High school football better MTV-free

Published 12:00 am Wednesday, August 10, 2005

No high school football practice I have ever seen was like the one I saw last Thursday at Marion Military Institute.

Hoover High School was in town, holding their annual training camp on the campus of MMI. The practice I attended was heavy on special teams and kicking work while various other units went through drills on the edges of the field. Nothing unusual about that.

But that’s about all that was usual for an Alabama high school football practice. For starters, as one of the largest high schools in the state, three-time defending 6A state football champions, and a top-ten-ranked program nationally, Hoover arrived in Marion well-equipped. By “well-equipped,” I mean that they had stationary bikes along the practice field, a trailer full of pads and equipment, several giant fans to keep the players cool, and more bottles of water than Atlanta has of Coke. The Bucs had enough staff on hand to keep Birmingham’s airport running smoothly, much less its favorite high school football team. In short, saying Hoover’s football team was well-equipped is like saying Dennis Rodman’s a little on the weird side.

Email newsletter signup

Remember, too, that Hoover brought all this down with them from Birmingham. (What’s their locker room like? Gold-plated showerheads? Silk athletic tape?) But the thing that Hoover arrived with that made their practice the strangest? MTV camera crews, enough that they could have stopped to film a Puff Daddy video if he’d been in the area. Hoover agreed to let the alleged music network film a documentary mini-series about the football team, and there wasn’t one drill, one knocked-over dummy, one practice field goal snap that wasn’t caught on tape. Seen a fair amount of punt block drills in my life, but until Thursday I’d never seen one with a guy holding a camcorder standing a yard behind the defensive tackles as the ball was snapped.

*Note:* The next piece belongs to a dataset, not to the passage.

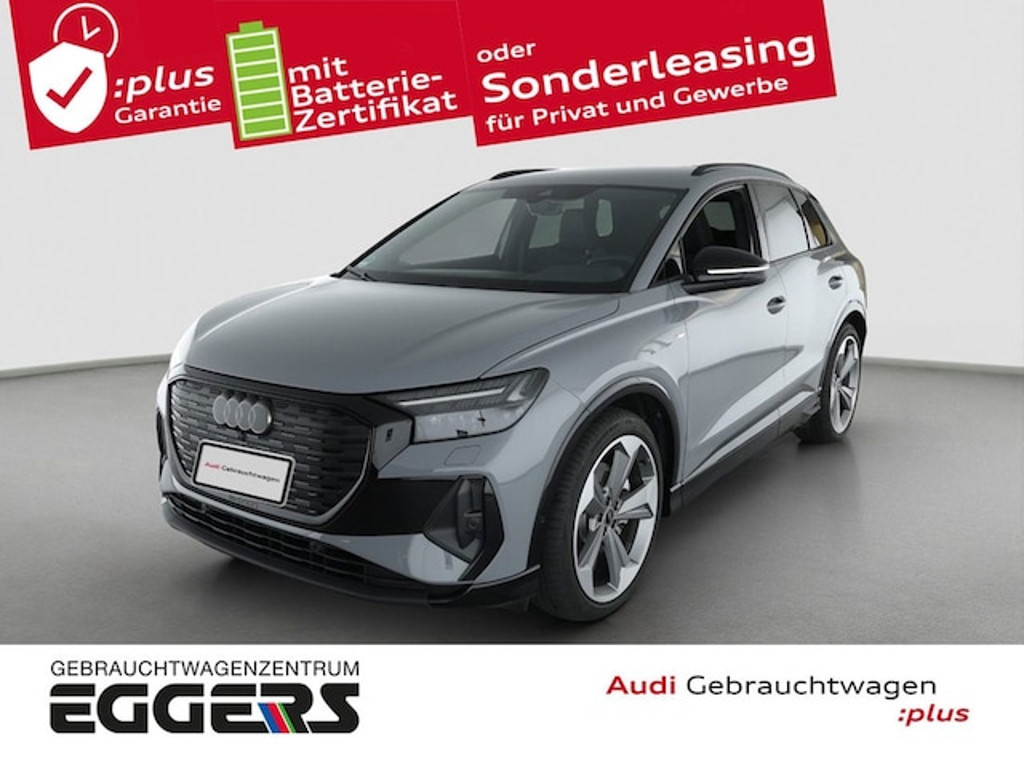 Audi Q4 e-tron Quattro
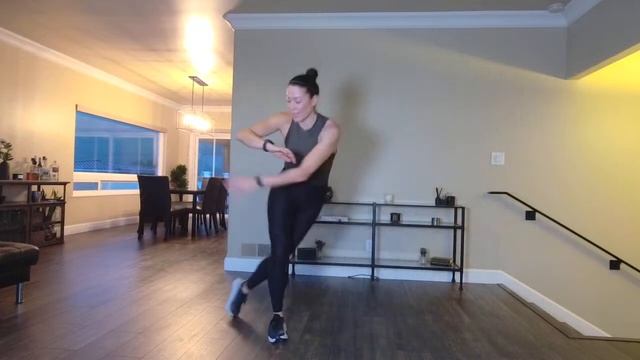 30 Minute Killer HIIT Workout | Strength, Cardio and Core - NO Repeats | Git LIIT with Amy смотреть онлайн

What might have been strangest of all was that the Hoover players and coaches didn’t seem to notice the MTV crews at all. The way they ignored them, you’d think they’d have always plowed into a blocking sled with a camera lens six inches away from their facemask. You’d have thought the head coach, Rush Propst, would already have spent years with two grown men following him around with a boom mike and a huge fanny pack full of electronic equipment.

That reaction (or lack of it) was especially strange considering the response I’ve gotten visiting area football practices as just one guy with a run-of-the-mill digital snapshooter, namely lots of stares and “You going to put me in the paper?” and, once or twice, a look in my direction after a good play to see if I got it on film.

But for the most part, the kids in our area do the same thing with me skirting the edges of practice around that Hoover’s did with MTV breathing their necks: go on about the business of playing and practicing the game of football. And that’s why as fascinating as Hoover’s practice at MMI was, I enjoyed myself more at the two I visited in Linden later that afternoon. No one from MTV chattered away over a wireless headset on the sidelines of Marengo Academy’s session. No one from Linden High pedaled away on a stationary bike in their downtime.

Which, for me, is the way it just oughta be. I know good and well those kids wouldn’t have minded a bit if MTV decided to show up in Linden for the length of the season. I know that bike might come in handy every now and again, and I’m not going to pretend a souped-up blocking sled or a set of brand-new practice jerseys wouldn’t be welcomed with wide-open arms on just about every practice field in the area.

But speaking as a fan, football is best when all that fancy stuff is stripped away. It’s better without players worrying where a TV camera is or taking care not to trip over a generator cord. It’s better when all there is is football: the smell of mown grass, the bark of a coach’s whistle, the clatter of shoulder pads as players pull themselves off the turf and trudge back to the huddle. It’s better with the sunset’s long shadows and the trap run six straight times to iron out one wrinkle and the trucks lined up by the fence and the offensive tackle fighting himself to stay upright for the last ten yards of the day’s last wind sprint.

Sure, a lot of that same stuff happens at Hoover’s practices. But when it’s all mixed up with the entire linebacking corps worried about who’s recruiting them, with every coach angling for a better job, with that voice in the back of the head that says “I wonder how this’ll look on MTV”…well, it just can’t mean as much.

I congratulate Hoover on their success and exposure and I hope I get to finish the season reporting on championship games played in their home stadium. But when the season starts, I’m not going to be in Hoover or at the Hoover Met. I’ll be in York, at Sumter County’s field with its little ticket booth and the sign saying “Where Football is Serious Business,” there to see the home Wildcats and the visiting DHS Tigers kick their seasons off. And wherever MTV might be, I could not be any happier about it.